Emilie Lundstrøm: “Shape Shifter”, is that you?
Bridget de Gersigny: Isn’t it all of us?
Bridget chose to work with video in order to address our sense of time. She finds that meaning itself is a state of rhythm, of understanding and confusion. For these purposes photography was working in antithesis. Part of the conversation of a colonial past and present requires that we pay attention to the context in which meaning is created. She was aiming at a consistent moving and shifting—situating physical bodies in light projection and in sound space. Sound and projection are fleeting. The most physical is the equipment of display!
Bridget had grown bored of her conscious choices, of planning and mapping out the work in her mind. Instead, she found that she delighted in mishaps and deviations from her original idea.
Reading the book Depression: A Public Feeling by Ann Ccetkowich changed Bridget’s way of working.
She began making pieces that were interesting to her in any given specific moment without understanding how all pieces would fit together later.
Her aunt and father had died recently and she was interested in their relationship to a colonial past in South Africa—specifically the issue of land ownership. Bridget wanted to think about her relationship to the concept of land ownership and territories. She ended up with a piece about the intangibility of digital space versus physical space, and the amorphous non-boundaries that exist in a digital realm versus the world of flesh.
As a tour guide for the ICP Museum show on Apartheid, she heard the curator’s discussion of how Jan van Riebeeck established the Dutch East India Trading Company in 1652 in the Cape, how it shortened the trading route between the East and the West from 1 year to 100 days, and remapped time. This shift in corporeality and temporality of space became an inspiration for Bridget’s work—although not fully cognitive of this at the time, it stuck with her.
Bridget’s perceives the earth as a body. We as human beings are just small micro-systems in the larger history of the earth.
Boundaries and territories are transient, as are the structures we create to exist. Notions of temporality, sculpted in the various video pieces, are important. We engage with time on multiple levels: geologic time, which is almost unthinkably long; our immediate present, the time in which we live our every day lives; and spiritual time—eternity, memory, dreams, etc.
Our relation to each is very different.
On the question of what HEALING means to Bridget, she explains that healing is about people, and that acts of healing feel more like means of conversation towards states of togetherness. We need faith in something that isn’t always tangible or understandable.
There is nothing we can call “mine” in a digital age—thinking it’s amazing that there are four clips of burning macs in free stock libraries! There is an inability for representational media to adequately do what we want it to do. The entire system breaks down in a way.
One of the videos has an alien ship spotted off the tip of The Cape of Good Hope and recorded through Google Earth: another system of colonization.
Bridget de Gersigny: What I love about that video is this little white hand dragging a land mass across digital space, in still images. And the shadows and still shots of people are present throughout. But it’s the white hand dragging a land mass in digital space that to me is the spookiest thing of all. This break down was important to me. In temporal terms as well as physical and representational terms.

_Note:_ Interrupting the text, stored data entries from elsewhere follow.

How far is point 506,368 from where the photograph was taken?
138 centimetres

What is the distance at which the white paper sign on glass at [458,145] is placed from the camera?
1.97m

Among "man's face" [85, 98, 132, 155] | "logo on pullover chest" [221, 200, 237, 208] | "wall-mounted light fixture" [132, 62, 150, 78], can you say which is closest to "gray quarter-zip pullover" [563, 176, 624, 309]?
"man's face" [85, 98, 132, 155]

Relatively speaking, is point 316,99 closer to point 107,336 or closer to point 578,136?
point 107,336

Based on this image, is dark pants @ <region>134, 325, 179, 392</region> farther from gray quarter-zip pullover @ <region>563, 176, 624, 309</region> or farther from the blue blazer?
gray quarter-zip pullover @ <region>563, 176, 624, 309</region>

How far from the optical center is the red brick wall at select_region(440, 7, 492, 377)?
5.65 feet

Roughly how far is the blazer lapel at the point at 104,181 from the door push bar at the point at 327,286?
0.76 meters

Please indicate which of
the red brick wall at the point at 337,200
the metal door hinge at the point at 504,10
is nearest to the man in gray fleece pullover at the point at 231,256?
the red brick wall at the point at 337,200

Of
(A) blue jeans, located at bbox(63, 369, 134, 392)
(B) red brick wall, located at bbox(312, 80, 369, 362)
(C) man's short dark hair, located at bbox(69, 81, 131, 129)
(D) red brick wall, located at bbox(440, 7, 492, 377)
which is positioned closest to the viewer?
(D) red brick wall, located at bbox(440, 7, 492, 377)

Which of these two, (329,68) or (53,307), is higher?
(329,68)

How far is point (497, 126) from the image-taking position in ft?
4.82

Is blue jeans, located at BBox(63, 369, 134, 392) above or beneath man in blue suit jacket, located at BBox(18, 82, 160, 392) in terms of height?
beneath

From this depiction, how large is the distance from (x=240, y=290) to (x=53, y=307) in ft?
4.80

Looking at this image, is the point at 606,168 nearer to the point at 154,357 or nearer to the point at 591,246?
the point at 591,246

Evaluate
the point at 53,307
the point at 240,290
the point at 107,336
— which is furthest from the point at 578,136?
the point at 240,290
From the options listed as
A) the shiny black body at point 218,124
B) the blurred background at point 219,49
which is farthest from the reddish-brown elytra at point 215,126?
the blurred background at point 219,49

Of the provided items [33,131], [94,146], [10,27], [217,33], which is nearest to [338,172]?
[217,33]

Emilie Lundstrøm: Your performance was moving to me: from present to past memories? Someone you cannot compete with. Someone strong. Someone gone, though the box is still there. The box of dreams?

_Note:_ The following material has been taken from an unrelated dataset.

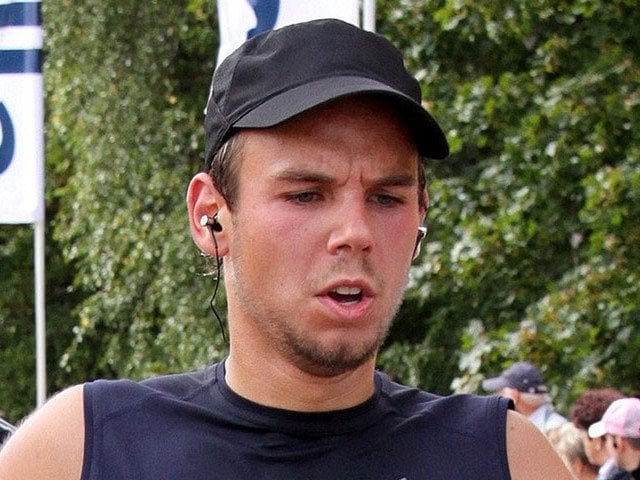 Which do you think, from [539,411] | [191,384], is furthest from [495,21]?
[191,384]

Bridget de Gersigny:Thank you. I wrote that in the same way that I made the video. I wasn’t exactly sure what the plan was and had been reading Joan Didion’s ‘Why I Write’ prescribed to us as a class reading by Liz Brown. Didion said she writes to understand what she is thinking. It was like that. The absence of the I or a specific physical body was frustrating me.
Emilie Lundstrøm: The raven is a symbol of grief—you feel sad seeing a raven. Maybe because it’s the one bird you do not want to connect with—a raven steals people’s treasures. Do you feel the raven is taking “the treasure of you” away? Does it bring you closer to the ones you’ve lost?
Bridget de Gersigny: This is interesting, I hadn’t thought of it like that. Definitely something more along the lines of states of trauma that may be part of our cycle. I’m not sure yet. Something else.
Emilie Lundstrøm: Do you feel truly connected with your senses more than anything else?
Bridget de Gersigny: Yes, the sensate experience is fundamental to me. I think our bodies can process an enormous amount of information across the senses which are not always immediately accessible through cognitive reason. It’s something I love and hate about the digital media. It’s so physically absent, whilst still managing to evoke extraordinary sensory affect.
Emilie Lundstrøm: We are at ICP! How come many MFA students move away from photography—choose other media—while studying here? Why are there no photographs in your show?
Bridget de Gersigny: I feel compelled to say I love photography ha! I think I answered this earlier. It’s just not how I am working right now. But you are right, I think people are pushing the boundaries of the medium in many ways and this increases every year. Typically we don’t associate sound with photography, video sometimes, but not so much sound. But to me sound is very linked. It works as a system of imaginative representation, if there is such a thing. The suspension of belief is in a way incredibly sensorial, and subjective. Images are also like this.
There were some ‘photographs’ in my show, they were just moving.